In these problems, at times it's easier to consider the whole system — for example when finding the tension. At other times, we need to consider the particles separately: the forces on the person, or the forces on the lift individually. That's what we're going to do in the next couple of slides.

--

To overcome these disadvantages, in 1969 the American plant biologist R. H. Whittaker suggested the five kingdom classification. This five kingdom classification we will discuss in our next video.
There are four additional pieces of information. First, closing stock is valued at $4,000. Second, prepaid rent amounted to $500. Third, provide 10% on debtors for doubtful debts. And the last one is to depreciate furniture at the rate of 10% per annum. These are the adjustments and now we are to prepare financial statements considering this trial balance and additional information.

*HOW TO COMPLETE THIS TASK*: What is asked for is an exact copy of the lines above from the one containing "To overcome these" through the one containing "There are four", and only those.

*RESPONSE BOX*:
To overcome these disadvantages, in 1969 the American plant biologist R. H. Whittaker suggested the five kingdom classification. This five kingdom classification we will discuss in our next video.
There are four additional pieces of information. First, closing stock is valued at $4,000. Second, prepaid rent amounted to $500. Third, provide 10% on debtors for doubtful debts. And the last one is to depreciate furniture at the rate of 10% per annum. These are the adjustments and now we are to prepare financial statements considering this trial balance and additional information.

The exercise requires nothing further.